**PROBLEM DESCRIPTION**
Restate the lines of the material below word for word, from the first through the one containing "TooQ LP1342T-B Supporto", and include nothing else; pictures stay out.

**SOURCE DATA**

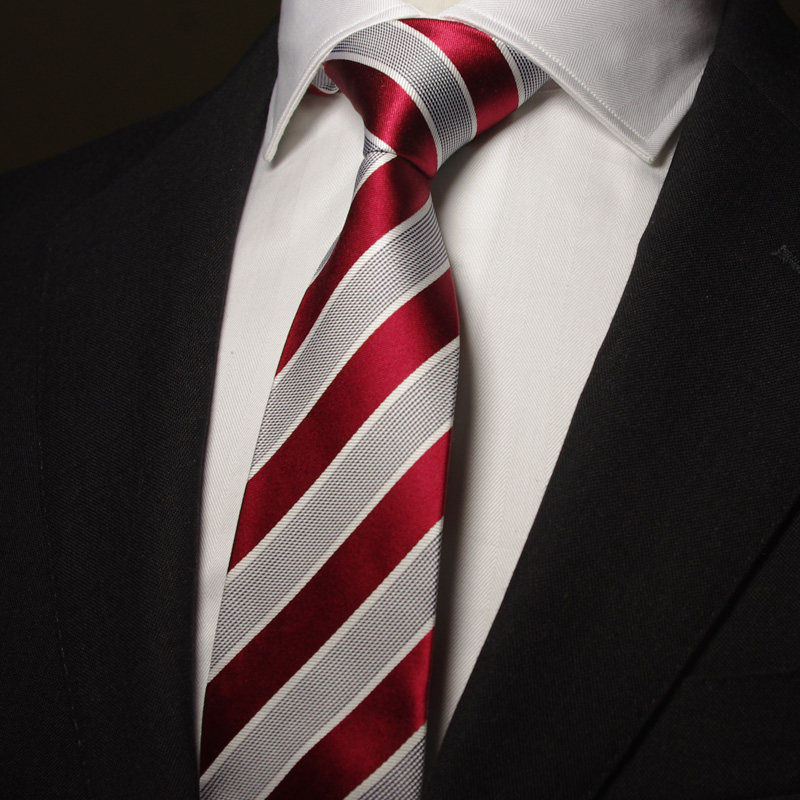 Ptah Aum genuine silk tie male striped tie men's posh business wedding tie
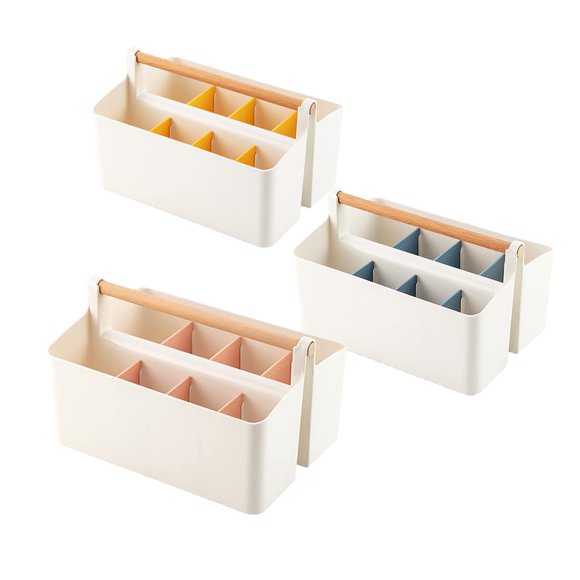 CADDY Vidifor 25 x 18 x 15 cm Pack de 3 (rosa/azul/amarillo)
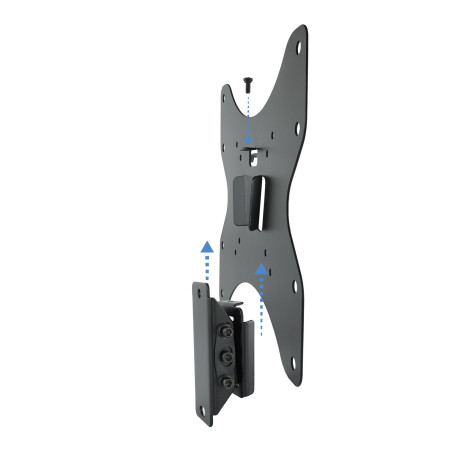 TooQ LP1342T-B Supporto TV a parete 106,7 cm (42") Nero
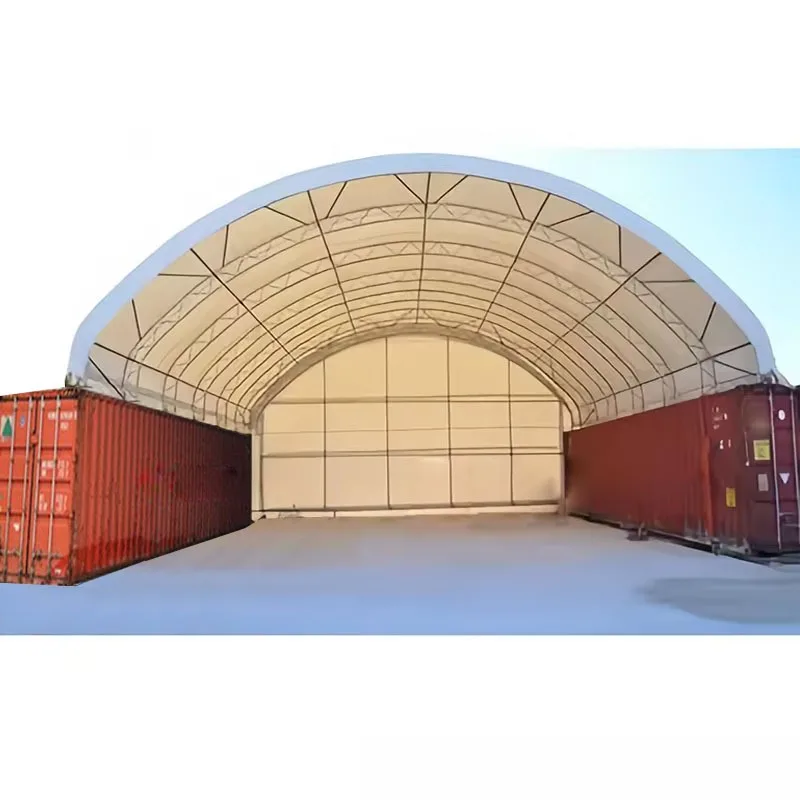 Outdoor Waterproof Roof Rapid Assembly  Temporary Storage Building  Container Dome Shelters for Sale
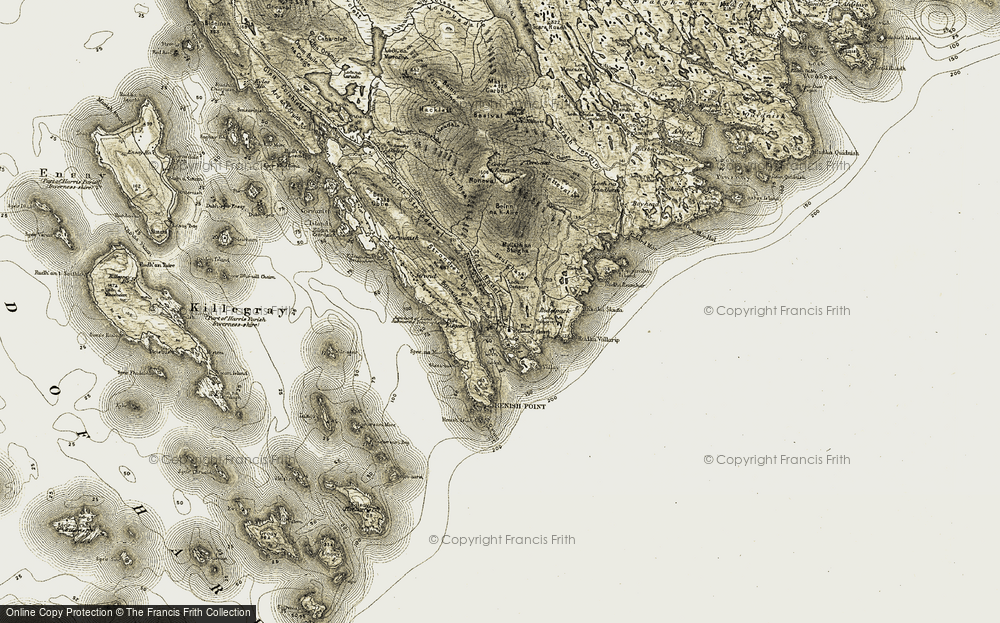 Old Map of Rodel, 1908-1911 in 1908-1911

**WRITTEN SOLUTION**
 Ptah Aum genuine silk tie male striped tie men's posh business wedding tie
 CADDY Vidifor 25 x 18 x 15 cm Pack de 3 (rosa/azul/amarillo)
 TooQ LP1342T-B Supporto TV a parete 106,7 cm (42") Nero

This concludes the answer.